According to at least one study, a higher intake of vitamin C by an individual was found to be directly linked to a lower incidence of gout, a type of arthritis caused by the build-up of uric acid. However, this may be countered by the various causes of gout, which can outweigh the impact of vitamin-fueled cures. Causes of gout include: genealogy; drinking too much alcohol; surgery; a diet that contains too much shellfish, sweetbreads and meat; high levels of triglycerides; and metabolic syndrome.

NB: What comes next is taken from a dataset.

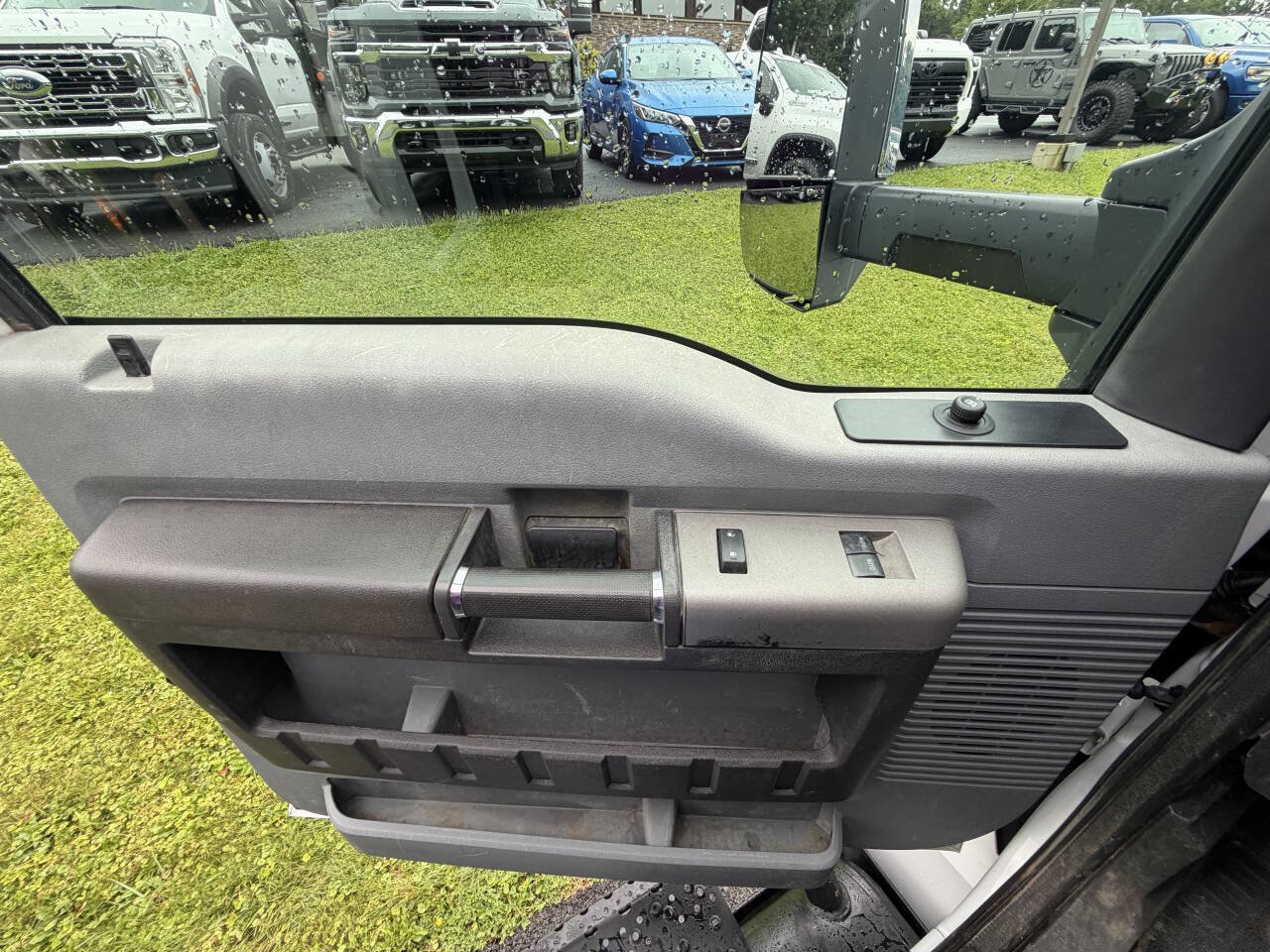 Used 2017 Ford F650 2WD SuperCab Super Duty image 36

Making the Most of Supplementation
Taking Vitamin C is generally going to be most effective when taken in conjunction with other treatment methods against gout. Many of the most immediate ways to guard against gout, as is the case with so many other preventable diseases, involve a change in diet such as bypassing food allergies, consuming more fruits and vegetables, and staying away from refined foods. Those who are already suffering from gout may also want to reduce their intake of red meats, fish and lean meats; vegetables and nuts that contain oxalate; and magnesium-rich or low calcium consumables.
20 Year Gout Study
One of the most extensive studies made of the possible, beneficial connection between Vitamin C and gout was performed over a 20-year period, from 1986 to 2006. A group of 46,994 men detailed their habits, over a four-year period, with regards to Vitamin C and diet. The study found that those men who consumed at least 1,500 milligrams of Vitamin C per day or more had a 45% lower rate of gout. Additionally, for every 500 milligrams of daily Vitamin C intake, the study found that the risk of gout was reduced by 15%. During the study, 1,317 new cases of gout were reported. Men participating in the study who took less than 250 milligrams of Vitamin C per day were found not to perceptible change the incidence rates of gout.